What's wrong with the system?
     Something is wrong. Sound moral principles have been left
out of the modern dating scene. Why? Because human nature is
selfish and wants to get all it can and not give any more than
necessary.
     God's way of give means that you must first look at
yourself, examine yourself, know yourself, prepare yourself,
before you begin to seriously consider marriage. Are you mature
enough, unselfish enough to give your time, your money, your life
to another? In other words, are you really ready for marriage?
     Marriage is not for children, and the sexual revolution has
made many of us children mentally and emotionally.
     When singles worry that their virginity may be a sign they
are sexual misfits, and the married wonder if their faithfulness
to their mate shows they are somehow lacking in normal virility,
something is intrinsically wrong.
     Nobody wants to go back to the overly prudish Victorian age,
but the sexual act itself and how skilfully it is performed has
now become more important than the people involved. Those who
thought they were freed are becoming prisoners - actual victims
of the sexual revolution. What a travesty!
Get the right perspective
     Look at dating in the proper perspective. Get to know
yourself and then use dating as an enjoyable way to get to know
the person you are dating. Keep dating casual and fun. Don't be
pressured by this society and its media to complicate the
relationship with sex. It's your life. You have a choice. Make
the right one.
     Go back over this article and candidly answer the questions
listed. Write down your answers. Think of more questions that
will show you what is really important to you and answer them.
Read your answers over again. This is what you believe. This who
you are.
     Talk to your parents and other relatives. Get their input.
What kind of a mate have they always pictured for you? It's your
decision, but you might be surprised how much help this
information from those who love you the most can be.
     For those of you who feel marriages are "made heaven,"

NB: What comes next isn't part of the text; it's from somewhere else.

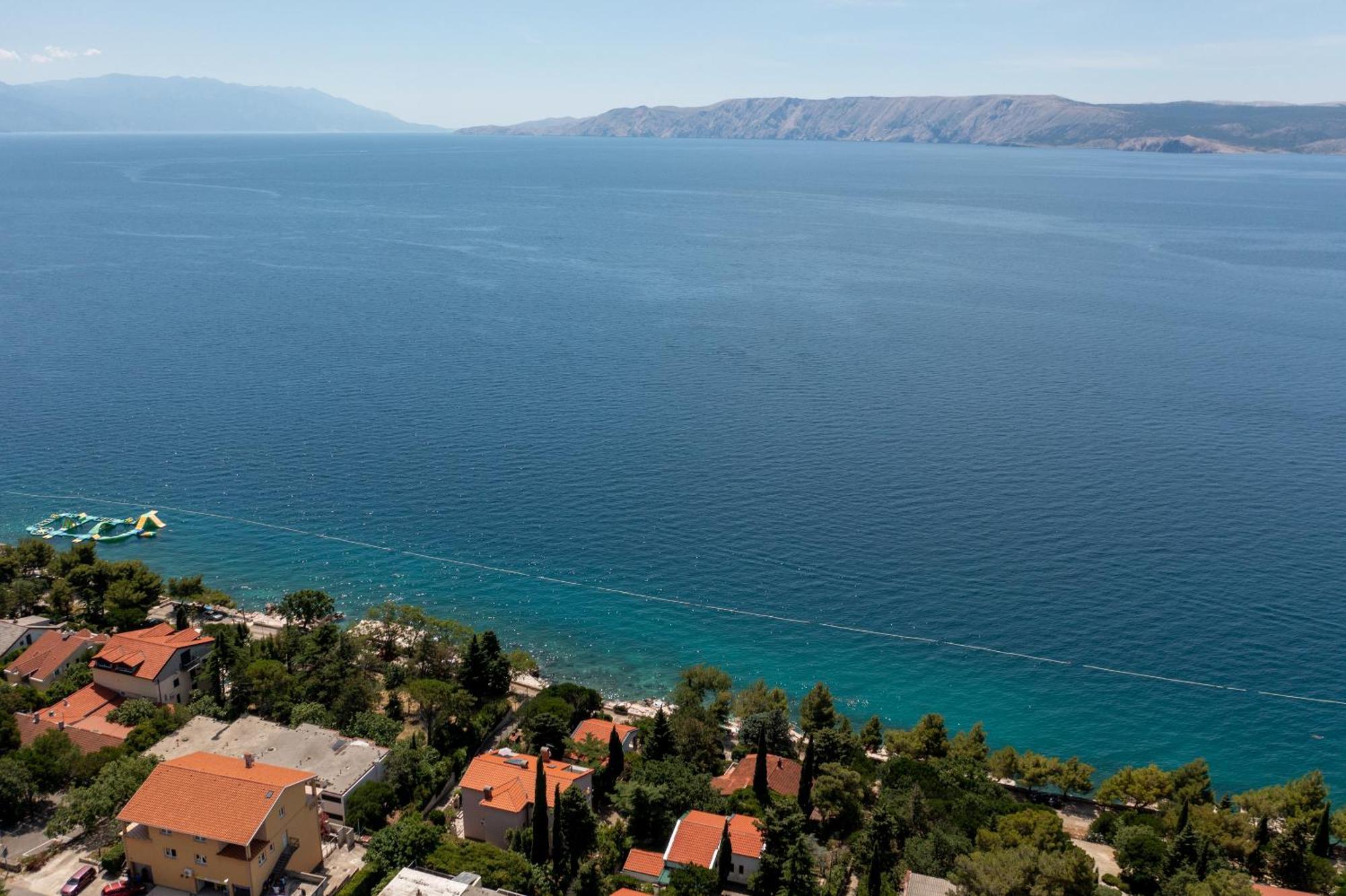 Apartmani Lili Novi Vinodolski Esterno foto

remember that like everything else in this life, God expects you
to do your part first. Make right choices is part of character
building.
     The more compatible you are with your mate, the more
successful your marriage will be.
     Once you know who you are, you have taken the first vital
step in preparing to choose a mate. Now you are ready to find,
through right and proper dating, that special friend with whom
you want spend the rest of your life.